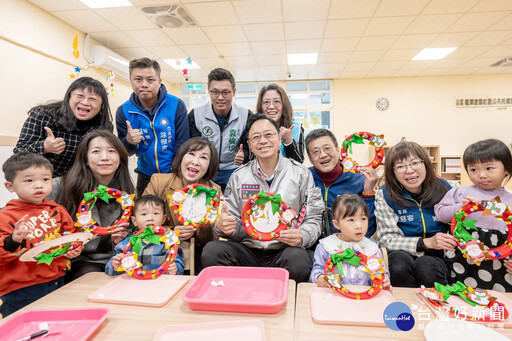 持續完善各項婦幼政策 龍潭區凌雲及三坑公共托育家園開幕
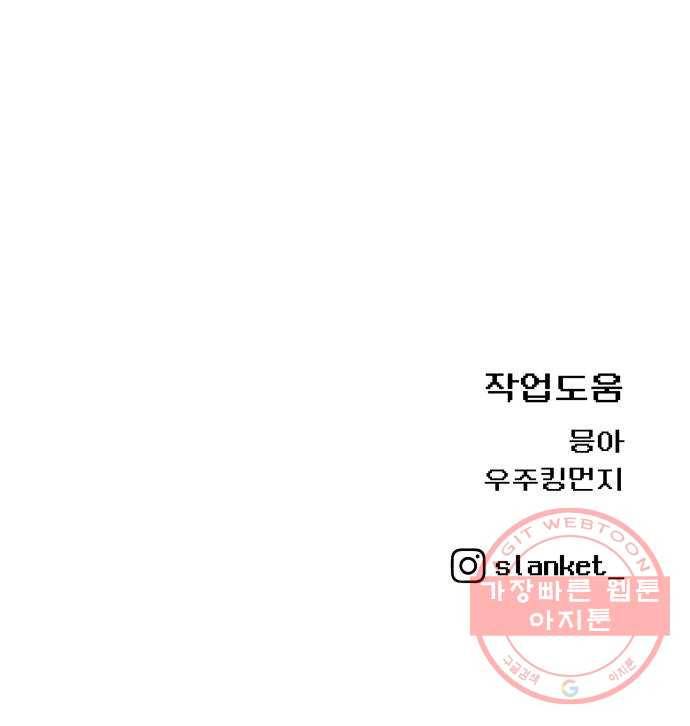 급식러너 36화_겁쟁이 레이싱(2) 100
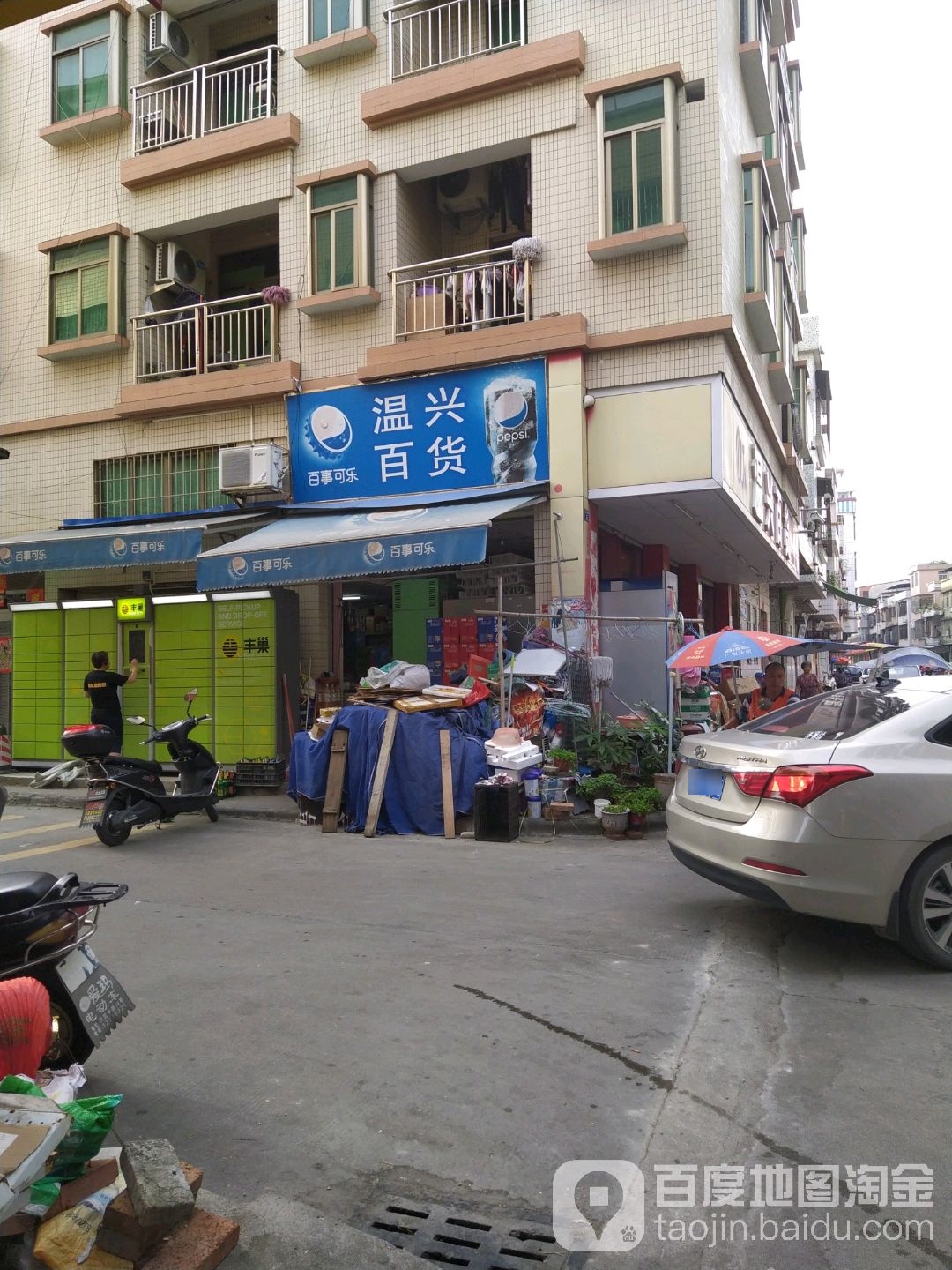 温兴百货(夏街店)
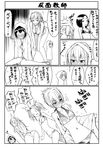  5girls ? ahoge ashigara_(kantai_collection) bikini blush comic greyscale haguro_(kantai_collection) hair_ornament hair_ribbon hairband hairclip highres kagerou_(kantai_collection) kantai_collection kuroshio_(kantai_collection) leaning leaning_forward long_hair looking_back monochrome multiple_girls navel one_eye_closed onio open_mouth partially_translated ponytail ribbon shiranui_(kantai_collection) short_hair sitting surprised swimsuit tears towel translation_request twintails |_|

-*-*-

The lines from the one holding "급식러너 36화_겁쟁이 레이싱(2) 100" through the end of the material above are to be echoed exactly, both ends included. Do not include pictures.

 급식러너 36화_겁쟁이 레이싱(2) 100
 温兴百货(夏街店)
  5girls ? ahoge ashigara_(kantai_collection) bikini blush comic greyscale haguro_(kantai_collection) hair_ornament hair_ribbon hairband hairclip highres kagerou_(kantai_collection) kantai_collection kuroshio_(kantai_collection) leaning leaning_forward long_hair looking_back monochrome multiple_girls navel one_eye_closed onio open_mouth partially_translated ponytail ribbon shiranui_(kantai_collection) short_hair sitting surprised swimsuit tears towel translation_request twintails |_|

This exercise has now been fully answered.